Useful commands for text manipulation

Long story short: I have used Windows for a long time in my career, since I was primarily using Microsoft technologies. And it was a nice period with beautiful windows helping me to complete my tasks. Until I try a *nix environment full-time and I figured out the power of the terminal.

Yes, I know. Windows has the Command Prompt, but it is not the same thing. Windows was created to democratize the access of a personal computer in the easiest way. While one of the Unix philosophy is to create programs that do only one thing (and do that only one thing very well).

It may seem awkward to use these tools in the beginning, however after a while you can realize a boost in your productivity.

In this article, I want to show some useful commands for text manipulation tasks. Let’s take a look.

  • cat (concatenate files and print on the standard output)
  • grep (file pattern searcher)
  • cut (cut out selected portions of each line of a file)
  • sort (sort or merge records (lines) of text files)
  • wc (word, line, character, and byte count)
  • sed (stream editor)
  • awk (pattern-directed scanning and processing language)

cat

concatenate files and print on the standard output

cat is one of the most basic commands. You can use to create, concatenate or display the content of a file.

# create a file
$ cat > people
Id;Name;Age
1;Luiz;24
2;Peter;32
<ctrl-D>
# append file
$ cat >> people
3;Mary;27
<ctrl-D>
# concatenate files
$ cat > people2
4;Rose;20
<ctrl-D>

$ cat people2 >> people
$ cat people # display file
1;Luiz;24
2;Peter;32
3;Mary;27
4;Rose;20

grep

grep is a command that it allows you to search for lines containing a match to a string. grep is often used with shell pipes, that it is a way to connect the output of one program to the input of another program.

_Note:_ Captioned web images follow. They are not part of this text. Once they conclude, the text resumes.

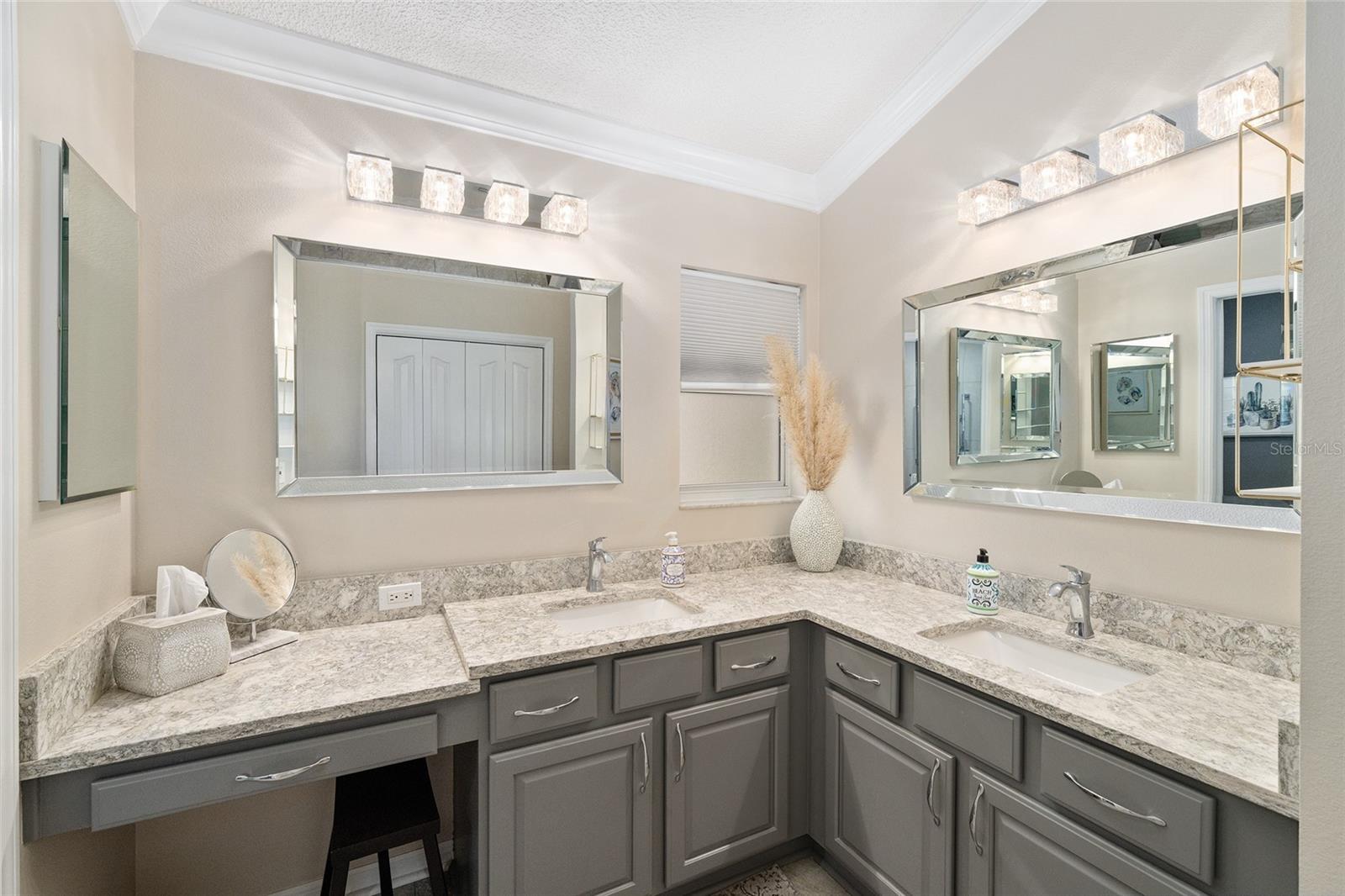 VILLAGES/MARION UN 44 - Residential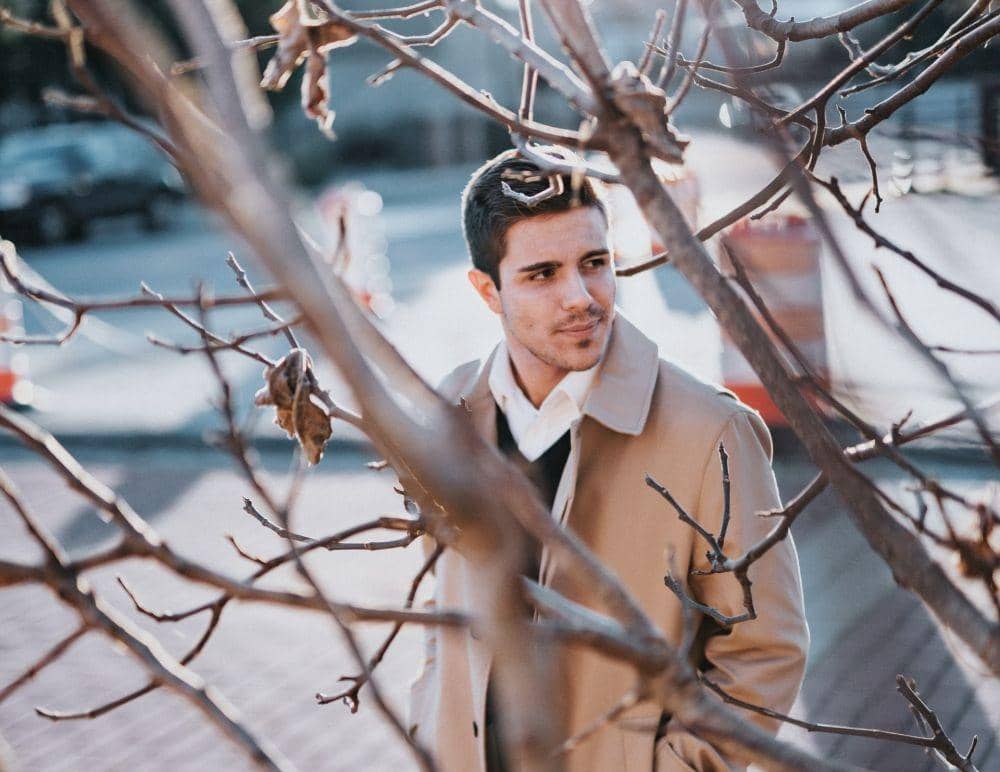 Ilustrasi pria tersemyum (unsplash.com/tyler nex)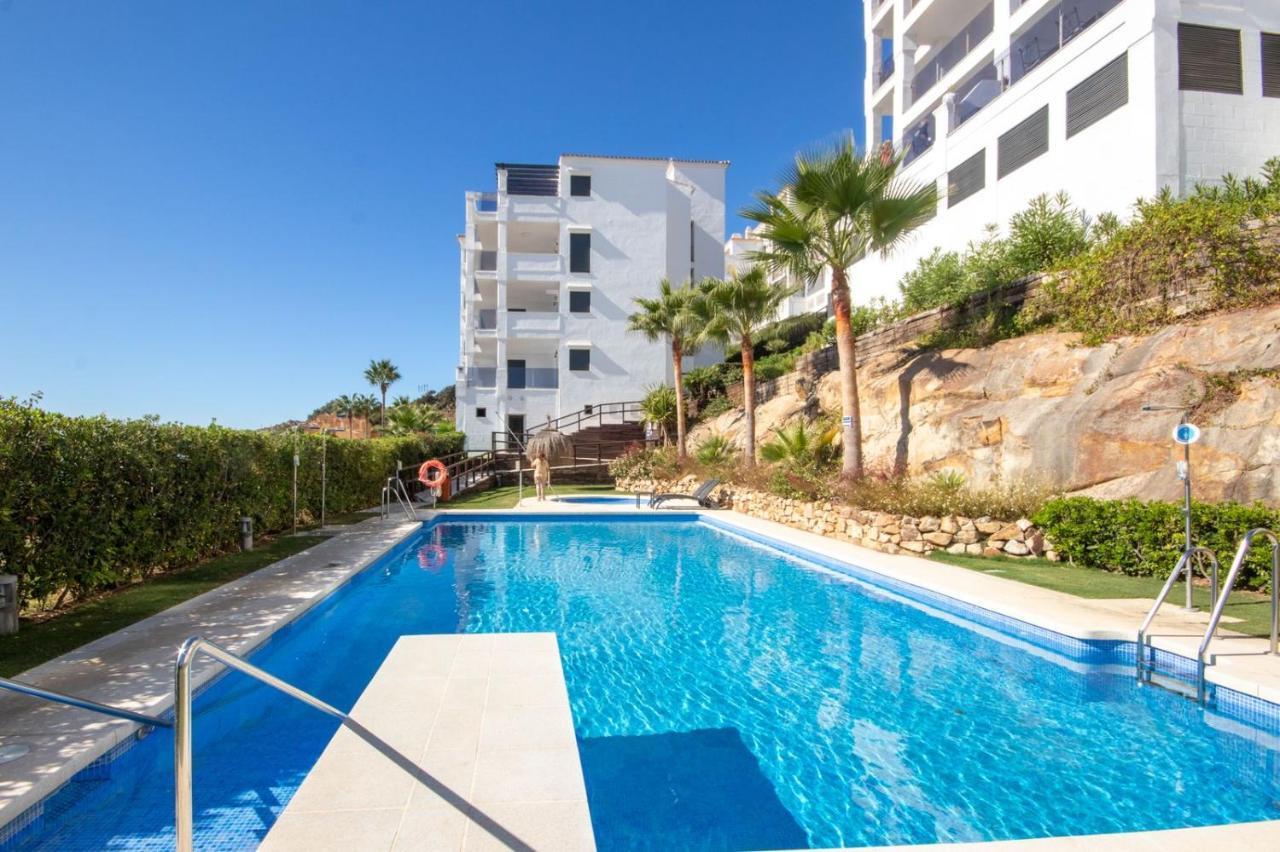 Luxury Apartment Stunning Seaview Bs 3104 Манилва Екстериор снимка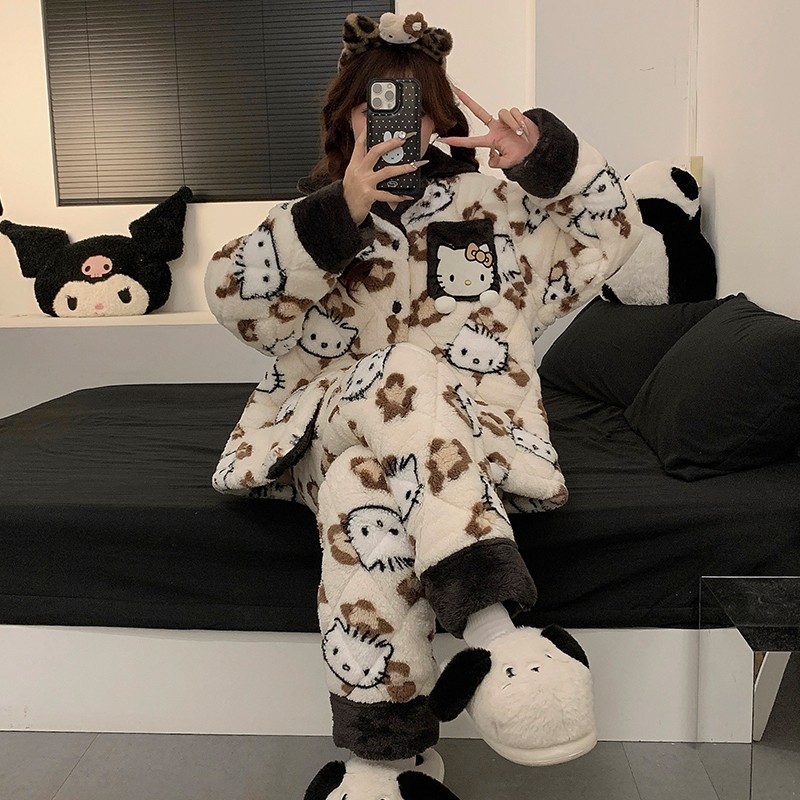 珊瑚绒睡衣女秋冬款加厚加绒2025新款三层夹棉保暖女士家居服套装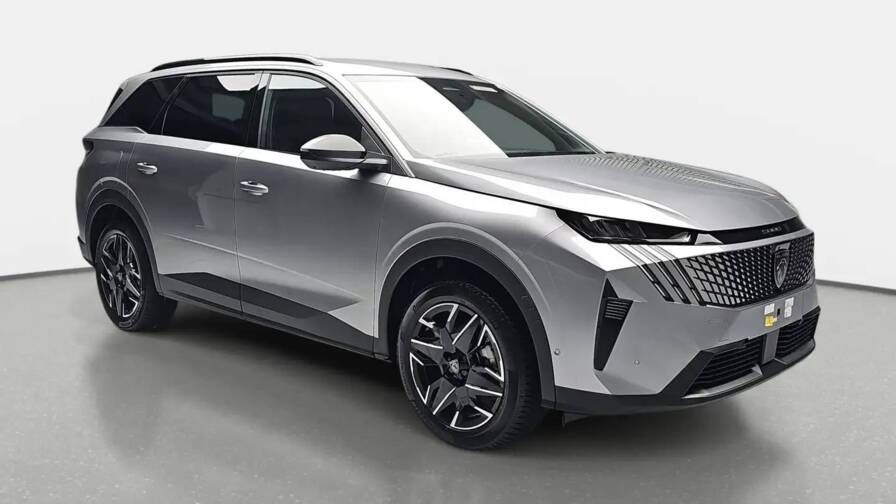 Mandataire Automobile neuf, recherche de Peugeot 5008-hybrid-136-e-dcs6-gt-plus-pack-360-vision-and-drive-assist-plus - E-Motors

# find for 'Peter' in people file
$ grep 'Peter' people
2;Peter;32

# given the ps output, find for a process called 'vim'
$ ps | grep 'vim'
60873 ttys000    2:08.01 vim

cut

cut can be used to extract portions of each line of a file. It is useful when you are manipulating a CSV file, for example.

$ cat cut_sample
Id;Name;Age
1;Luiz;24
2;Peter;32
3;John;19

# given a ';' delimeter, extract the second field
$ cut -d';' -f2 cut_sample
Name
Luiz
Peter
John

# find lines with 'Peter', then extract the second and third field
$ grep 'Peter' cut_sample | cut -d';' -f2,3
Peter;32

sort

sort command is obvious: it sorts the lines of a file.

# revert sort
$ sort -r people
Id;Name;Age
4;Rose;20
3;Mary;27
2;Peter;32
1;Luiz;24

wc

wc basically displays some statistics of a file, such as number of lines, number of words (separated by whitespace) and number of characters in specified files.

$ wc people
       5       5      53 people
# where the first 5 is the number of lines, the second 5 is the number of words, and 53 is the number of characters.
# print the number of files in a folder
ls | wc -l

sed

sed is a stream editor, that is, the program can receive an input text and iterates in lines doing specified operations. You can add, delete or replace text. To use all the power of sed, it would be nice to know a little about regular expressions.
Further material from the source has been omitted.